Start of AVAILABLE RECORDS

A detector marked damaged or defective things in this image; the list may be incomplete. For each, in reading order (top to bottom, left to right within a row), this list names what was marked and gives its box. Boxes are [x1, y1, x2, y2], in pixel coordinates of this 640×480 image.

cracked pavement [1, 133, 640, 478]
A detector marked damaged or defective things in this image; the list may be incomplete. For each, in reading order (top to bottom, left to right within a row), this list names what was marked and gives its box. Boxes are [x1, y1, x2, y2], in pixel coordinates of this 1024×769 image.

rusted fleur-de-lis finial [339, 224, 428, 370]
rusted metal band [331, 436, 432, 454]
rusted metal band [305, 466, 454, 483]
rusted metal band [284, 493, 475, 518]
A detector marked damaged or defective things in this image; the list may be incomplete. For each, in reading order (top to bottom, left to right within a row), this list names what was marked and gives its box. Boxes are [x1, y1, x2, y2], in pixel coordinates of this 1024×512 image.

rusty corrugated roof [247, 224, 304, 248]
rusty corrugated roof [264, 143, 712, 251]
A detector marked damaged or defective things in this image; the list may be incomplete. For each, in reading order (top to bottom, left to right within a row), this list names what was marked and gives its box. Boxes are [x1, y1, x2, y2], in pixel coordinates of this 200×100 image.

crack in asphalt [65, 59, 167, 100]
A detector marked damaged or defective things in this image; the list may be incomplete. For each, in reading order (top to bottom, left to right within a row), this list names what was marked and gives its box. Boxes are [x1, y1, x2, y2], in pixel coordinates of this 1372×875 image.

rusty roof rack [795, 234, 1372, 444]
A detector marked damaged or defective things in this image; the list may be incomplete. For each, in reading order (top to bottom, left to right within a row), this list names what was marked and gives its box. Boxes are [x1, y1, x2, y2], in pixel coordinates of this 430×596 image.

End of AVAILABLE RECORDS

[WORK ORDER]
Extract, verbatim, the lines from the one containing "this 1372×875 image." through the last line of the listing above.

[EXERCISE RESPONSE]
A detector marked damaged or defective things in this image; the list may be incomplete. For each, in reading order (top to bottom, left to right within a row), this list names what was marked and gives its box. Boxes are [x1, y1, x2, y2], in pixel coordinates of this 1372×875 image.

rusty roof rack [795, 234, 1372, 444]
A detector marked damaged or defective things in this image; the list may be incomplete. For each, in reading order (top to bottom, left to right within a row), this list names what was marked and gives its box. Boxes are [x1, y1, x2, y2], in pixel coordinates of this 430×596 image.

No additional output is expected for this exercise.